If you’re looking for a comic book ‘nerd’ view of this film then by now you’ve probably gathered that isn’t my angle; I’m interested in discussing the film making only. There’ll be no “wasn’t it awesome when Hulk did X,Y, and Z because he’s Hulk” or orgasms over post-credit scenes or how Ultron has evolved since his first appearance in The Avengers issue #55.
I say this because, even though I’m all for a film paying service to the legions of fans who flock to cinemas worldwide in their droves to see Iron Man in his Hulkbuster armour fighting the Hulk, the extended scene of carnage which sees an entire skyscraper flatten and countless vehicles and properties destroyed is insanely stupid. The reasons why Bruce Banner A) turns into the Hulk here B) doesn’t go help his fellow Avengers once he has turned C) cannot control his rage in this one scene yet can channel it in every other instance in the movie and D) why Iron Man even needs a special suit to battle the Hulk BASED ON THE INFORMATION PROVIDED IN THE FILM is never explained. But who cares when two CGI characters based on Marvel comics get to fight, right?

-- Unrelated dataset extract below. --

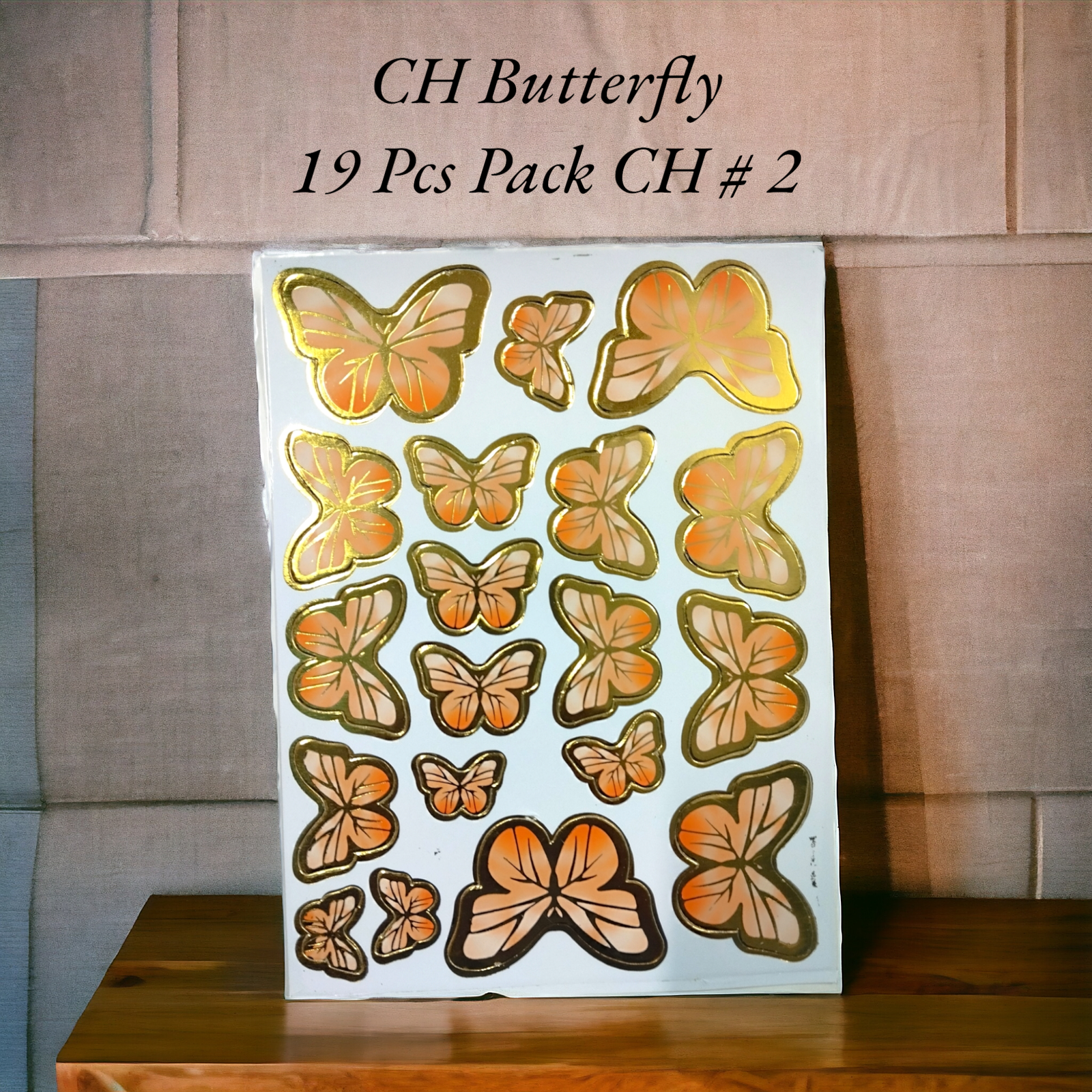 CH Butterfly 19 Pcs Pack CH # 2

Quite why every character in the film talks the same way which cocky one liners and endless banter regardless if they’re from another planet or New York City is a topic for another review, because these traits never seem to change. Why the villain talks that way, however, is unacceptable; but hey, he’s Ultron and he’s based on a Marvel comic book character, so let’s ignore little niggles like dialogue and character.